Northwest Classical Music Destination: Rimsky-Korsakoffee House
The Rimsky-Korsakoffee House in Portland, OR recently became the topic of conversation here at Northwest Public Radio. It seemed only natural to send word to my Portland-residing father, who decided to head over to the musically themed café that evening, buy himself some dessert and check things out.
He and I bonded over a love of Scheherazade when I was very young – one of those unconditional, slightly irrational feelings of love that has lasted a couple decades and is safe to assume will never go away.
To say he was thrilled with the place would be an understatement. He immediately went to work trying to uncover the Rimsky-Korsakoffee House history and found a wait staff eager to chat about it.
The owner, Goody Cable, opened the coffee house after she tired of cleaning up after the classical music parties she would throw for her children. That was 35 years ago, in 1980. It’s exactly what you’d expect of one of Portland’s oldest coffee shops – eclectic, quirky,creative. Each table is themed – just pick a composer – and some are supposedly haunted.
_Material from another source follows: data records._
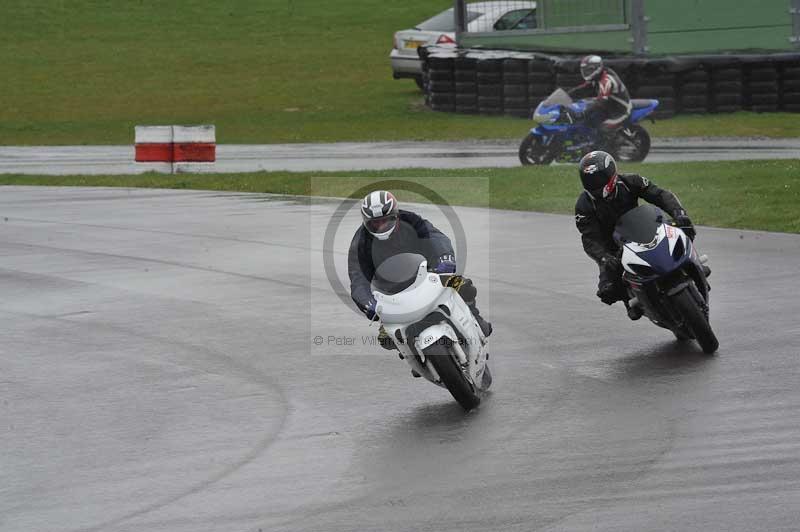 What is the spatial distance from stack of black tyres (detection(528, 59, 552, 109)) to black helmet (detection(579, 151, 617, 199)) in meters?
17.8

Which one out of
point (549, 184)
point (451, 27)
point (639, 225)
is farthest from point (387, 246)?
point (451, 27)

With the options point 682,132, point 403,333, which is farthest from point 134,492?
point 682,132

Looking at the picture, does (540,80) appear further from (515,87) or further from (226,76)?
(226,76)

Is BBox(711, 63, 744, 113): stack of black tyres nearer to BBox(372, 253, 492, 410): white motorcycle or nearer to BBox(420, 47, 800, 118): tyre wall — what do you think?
BBox(420, 47, 800, 118): tyre wall

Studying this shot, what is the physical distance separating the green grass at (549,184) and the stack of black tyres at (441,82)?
26.6 ft

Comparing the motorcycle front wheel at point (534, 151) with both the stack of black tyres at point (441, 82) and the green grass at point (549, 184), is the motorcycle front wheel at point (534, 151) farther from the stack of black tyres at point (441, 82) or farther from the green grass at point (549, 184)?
the stack of black tyres at point (441, 82)

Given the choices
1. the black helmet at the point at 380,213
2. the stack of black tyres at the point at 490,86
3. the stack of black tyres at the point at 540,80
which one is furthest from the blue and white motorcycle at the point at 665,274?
the stack of black tyres at the point at 490,86

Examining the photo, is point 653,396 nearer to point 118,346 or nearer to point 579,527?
point 579,527

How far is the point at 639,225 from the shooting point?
10.1 metres

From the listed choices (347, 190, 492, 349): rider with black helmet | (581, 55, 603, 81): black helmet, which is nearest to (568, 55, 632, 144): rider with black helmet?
Answer: (581, 55, 603, 81): black helmet

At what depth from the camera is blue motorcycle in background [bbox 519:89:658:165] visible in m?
22.2

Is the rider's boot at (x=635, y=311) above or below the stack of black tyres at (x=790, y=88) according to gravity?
above

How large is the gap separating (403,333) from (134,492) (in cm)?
Answer: 209

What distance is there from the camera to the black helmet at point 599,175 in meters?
10.2
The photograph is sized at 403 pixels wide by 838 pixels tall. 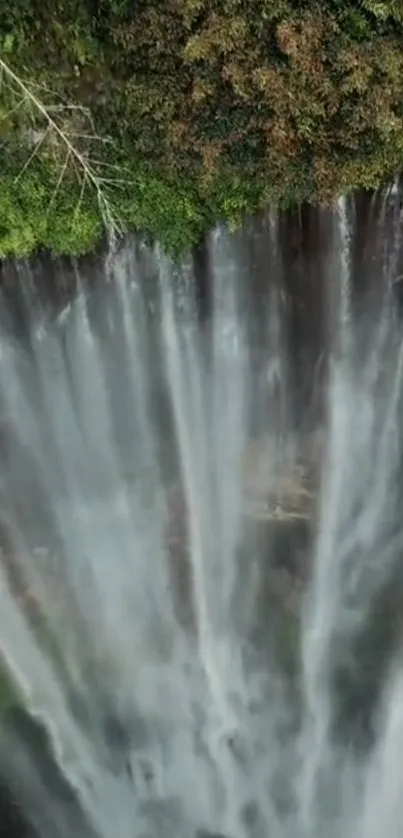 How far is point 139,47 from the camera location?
475 cm

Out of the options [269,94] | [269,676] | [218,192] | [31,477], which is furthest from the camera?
[269,676]

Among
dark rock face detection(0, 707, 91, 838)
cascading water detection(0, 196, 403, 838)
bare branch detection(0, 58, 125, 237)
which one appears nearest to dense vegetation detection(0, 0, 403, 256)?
bare branch detection(0, 58, 125, 237)

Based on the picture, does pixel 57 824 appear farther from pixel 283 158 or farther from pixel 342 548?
pixel 283 158

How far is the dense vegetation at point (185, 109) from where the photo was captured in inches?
181

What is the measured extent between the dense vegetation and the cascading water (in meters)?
0.41

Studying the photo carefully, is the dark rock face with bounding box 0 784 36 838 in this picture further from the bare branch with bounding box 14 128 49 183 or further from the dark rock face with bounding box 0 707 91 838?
the bare branch with bounding box 14 128 49 183

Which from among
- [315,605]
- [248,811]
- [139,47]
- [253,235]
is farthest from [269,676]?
[139,47]

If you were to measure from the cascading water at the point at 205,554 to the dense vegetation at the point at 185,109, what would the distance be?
411 mm

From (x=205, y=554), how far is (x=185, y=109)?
3.01 m

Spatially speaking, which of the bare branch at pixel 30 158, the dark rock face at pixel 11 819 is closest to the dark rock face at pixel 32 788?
the dark rock face at pixel 11 819

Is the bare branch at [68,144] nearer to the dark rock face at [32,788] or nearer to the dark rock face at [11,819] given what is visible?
the dark rock face at [32,788]

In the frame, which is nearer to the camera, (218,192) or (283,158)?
(283,158)

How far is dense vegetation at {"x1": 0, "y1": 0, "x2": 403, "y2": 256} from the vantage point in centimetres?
461

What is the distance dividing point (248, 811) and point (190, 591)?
1.87 meters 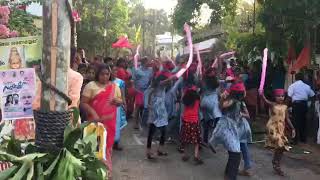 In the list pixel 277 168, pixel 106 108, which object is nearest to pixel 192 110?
pixel 277 168

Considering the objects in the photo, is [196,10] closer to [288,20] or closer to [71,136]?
[288,20]

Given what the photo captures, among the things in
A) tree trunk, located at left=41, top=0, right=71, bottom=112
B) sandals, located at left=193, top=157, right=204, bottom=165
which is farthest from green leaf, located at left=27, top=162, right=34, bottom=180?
sandals, located at left=193, top=157, right=204, bottom=165

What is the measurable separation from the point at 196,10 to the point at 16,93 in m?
17.7

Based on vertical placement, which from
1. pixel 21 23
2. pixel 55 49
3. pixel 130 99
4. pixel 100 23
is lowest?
pixel 130 99

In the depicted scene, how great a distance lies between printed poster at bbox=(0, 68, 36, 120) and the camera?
4.62 m

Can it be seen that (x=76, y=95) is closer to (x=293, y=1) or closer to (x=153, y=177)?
(x=153, y=177)

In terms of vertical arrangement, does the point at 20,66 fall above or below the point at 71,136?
above

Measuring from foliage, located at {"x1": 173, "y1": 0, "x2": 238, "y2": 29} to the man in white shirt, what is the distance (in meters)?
9.38

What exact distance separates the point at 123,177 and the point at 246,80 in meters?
7.30

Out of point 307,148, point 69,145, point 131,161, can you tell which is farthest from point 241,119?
point 69,145

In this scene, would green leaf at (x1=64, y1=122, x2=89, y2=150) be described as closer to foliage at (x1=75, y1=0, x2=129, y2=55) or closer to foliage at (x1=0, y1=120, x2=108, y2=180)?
foliage at (x1=0, y1=120, x2=108, y2=180)

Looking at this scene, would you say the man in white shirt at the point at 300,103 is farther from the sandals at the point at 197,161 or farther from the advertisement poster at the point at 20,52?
the advertisement poster at the point at 20,52

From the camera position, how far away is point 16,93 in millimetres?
4633

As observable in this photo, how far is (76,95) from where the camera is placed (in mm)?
4812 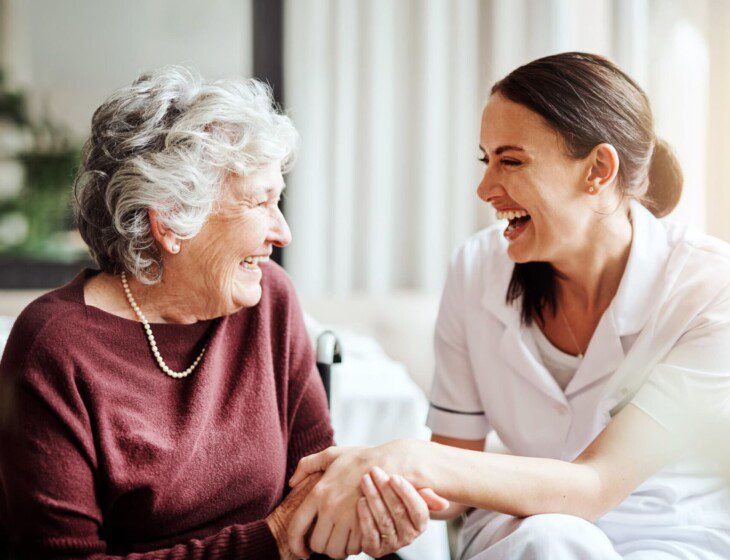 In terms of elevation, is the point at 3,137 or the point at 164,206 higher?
the point at 164,206

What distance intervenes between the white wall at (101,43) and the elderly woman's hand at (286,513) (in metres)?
2.51

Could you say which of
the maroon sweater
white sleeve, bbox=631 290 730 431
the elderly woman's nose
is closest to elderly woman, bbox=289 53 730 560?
white sleeve, bbox=631 290 730 431

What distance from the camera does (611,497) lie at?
1.21 meters

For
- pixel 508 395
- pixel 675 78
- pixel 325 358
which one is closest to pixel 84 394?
pixel 325 358

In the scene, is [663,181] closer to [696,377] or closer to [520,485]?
[696,377]

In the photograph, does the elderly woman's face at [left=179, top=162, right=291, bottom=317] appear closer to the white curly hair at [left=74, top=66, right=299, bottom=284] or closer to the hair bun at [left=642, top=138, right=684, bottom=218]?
the white curly hair at [left=74, top=66, right=299, bottom=284]

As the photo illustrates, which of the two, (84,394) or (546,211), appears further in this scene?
(546,211)

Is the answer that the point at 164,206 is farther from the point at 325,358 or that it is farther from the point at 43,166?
the point at 43,166

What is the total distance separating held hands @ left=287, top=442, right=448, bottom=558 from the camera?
116 cm

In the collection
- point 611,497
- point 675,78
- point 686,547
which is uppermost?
point 675,78

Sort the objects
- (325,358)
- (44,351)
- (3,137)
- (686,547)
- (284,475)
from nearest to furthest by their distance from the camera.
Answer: (44,351)
(686,547)
(284,475)
(325,358)
(3,137)

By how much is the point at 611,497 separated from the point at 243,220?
2.41 ft

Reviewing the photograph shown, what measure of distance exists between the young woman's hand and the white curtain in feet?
7.52

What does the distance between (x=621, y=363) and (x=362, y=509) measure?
0.51m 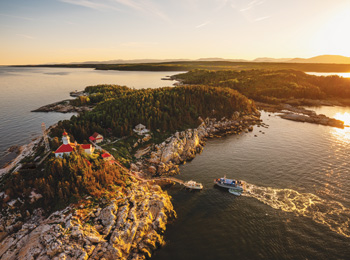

Classical recordings and live performances are, fittingly, the only thing you’ll hear during your time at the Rimsky-Korsakoffee house.
Despite its fame, this spot is secluded and is not easy to find, and that’s the way they like it. “Located in an industrial and not too friendly part of town, there is no way to know the house is there unless you just know. That’s part of the charm,” said classically trained singer Sara Jane Patterson, on her first visit.
On top of being difficult to locate, the Rimsky-Korsakoffee House doesn’t keep typical coffee shop hours, and serves only from 7 PM to midnight. No credit cards either – they only accept cash or check. And you won’t find a website, Facebook page or digital tracks of any kind.
You will find plenty of rave reviews, though.
Sara Jane says it’s “the sort of place that if no one was performing and you had it in you to step up to the piano, not one person would mind; they would be delighted. That is the beauty of the place.”
It seemed no one did mind when she decided to add to the music that night. As the guitarist strummed John Dowland tunes, she sang along. “We bonded over the harmonies we were creating. And really, isn’t that what music is all about? Bringing all parties together to create art in the moment, even with weird things dangling from the ceiling.”